Dari uraian di atas, para ulama fiqih berpendapat bahwa akad pernikahan yang sah langsung menetapkan status mahram kecuali anak tiri perempuan.
Anak tiri perempuan dapat menjadi mahram setelah terjadi hubungan badan antara laki-laki yang menikahi ibunya dan ibunya sebagaimana petikan berikut:
فَقَدْ ذَهَبَ الْفُقَهَاءُ إِلَى أَنَّ الْعَقْدَ الصَّحِيحَ مُثْبِتٌ لِحُرْمَةِ الْمُصَاهَرَةِ فِيمَا سِوَى بِنْتِ الزَّوْجَةِ وَهِيَ الرَّبِيبَةُ وَفُرُوعُهَا وَإِنْ نَزَلَتْ فَإِنَّهُنَّ لاَ يَحْرُمْنَ إِلاَّ بِالدُّخُول بِالزَّوْجَةِ
Artinya, “Para ulama fiqih berpendapat bahwa akad yang sah menetapkan status mahram karena pernikahan kecuali anak dari istri atau anak tiri serta anak-cucunya, meski terus ke bawah. Mereka tidak menjadi mahram kecuali setelah hubungan badan dengan istrinya (maksud istri di sini adalah ibu dari anak tiri).” (Lihat Al-Mausu‘ah Al-Fiqhiyyah Al-Kuwaitiyyah, jilid XXXVII, halaman 368).
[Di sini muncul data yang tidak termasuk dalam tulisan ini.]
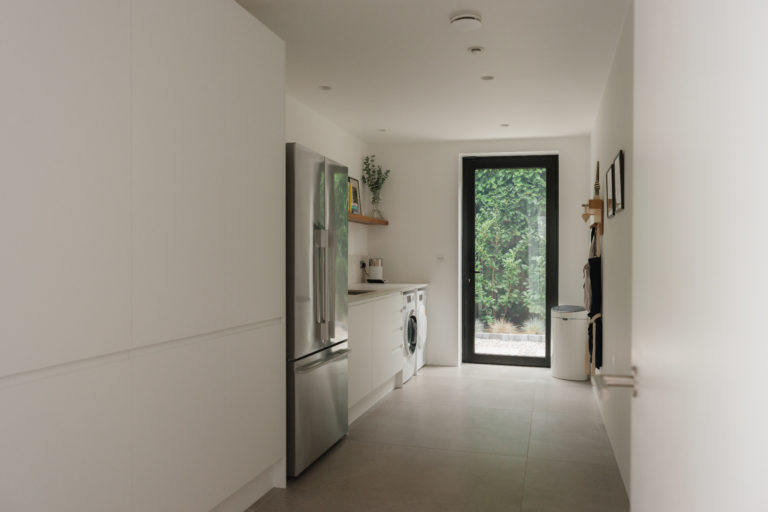 GERRARDS CROSS, BUCKINGHAMSHIRE - SL9 - SHOOTFACTORY - OTHER UK HOUSES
Dalam kaitan ini, Syekh Abu Bakar bin Muhammad Al-Hishni mengungkap alasan mengapa ibu mertua langsung menjadi marham menantu laki-lakinya walaupun baru sekadar akad.
Sedangkan seorang anak perempuan tidak langsung menjadi mahram sampai ayah tirinya berhubungan badan dengan ibunya? Jawabannya, karena seorang laki-laki yang sudah menikah biasanya dituntut untuk berinteraksi dengan ibu mertuanya walaupun baru selesai akad.
Oleh karena itu, ibu mertua langsung menjadi mahram menantu laki-lakinya agar keduanya memungkinkan berkomunikasi lebih longgar. (Lihat Kifayatul Akhyar, jilid I, halaman 364).
Itulah empat baris yang menjadi mahram karena pernikahan.
Hanya saja tiga baris, yaitu mertua, menantu, dan ibu tiri, langsung menjadi mahram walaupun baru sekadar akad.
Sedangkan yang satu, yaitu anak tiri perempuan, menjadi mahram setelah terjadi hubungan badan dengan ibu tirinya.
Mahram dimaksud tentunya adalah mahram mu’abbad atau mahram permanen.
Adapun pihak-pihak yang tidak menjadi mahram walaupun terjadi perkawinan disebutkan oleh Imam An-Nawawi dalam kitabnya sebagai berikut:
لَا تَحْرُمُ بِنْتُ زَوْجِ الْأُمِّ، وَلَا أُمُّهُ، وَلَا بِنْتُ زَوْجِ الْبِنْتِ، وَلَا أُمُّهُ، وَلَا أُمُّ زَوْجَةِ الْأَبِ، وَلَا بِنْتُهَا، وَلَا أُمُّ زَوْجَةِ الِابْنِ، وَلَا بِنْتُهَا، وَلَا زَوْجَةُ الرَّبِيبِ وَلَا زَوْجَةُ الرَّابِّ
Artinya,
“Tidak haram (bagi seorang laki-laki untuk menikahi (1) putri dari suami ibunya, (2) ibu dari suami ibunya, (3) putri dari suami anak perempuannya, (4) ibu dari suami anak perempuannya, (5) ibu dari istri ayah, (6) putri dari istri ayah, (7) ibu dari istri anak, (8) putri dari istri anak, (9) istri dari anak tiri laki-lakinya, dan tidak pula (diharamkan untuk menikahi) (10) istri dari ayah tirinya. (Lihat An-Nawawi, Raudhatut Thalibin, jilid VII, halaman 112).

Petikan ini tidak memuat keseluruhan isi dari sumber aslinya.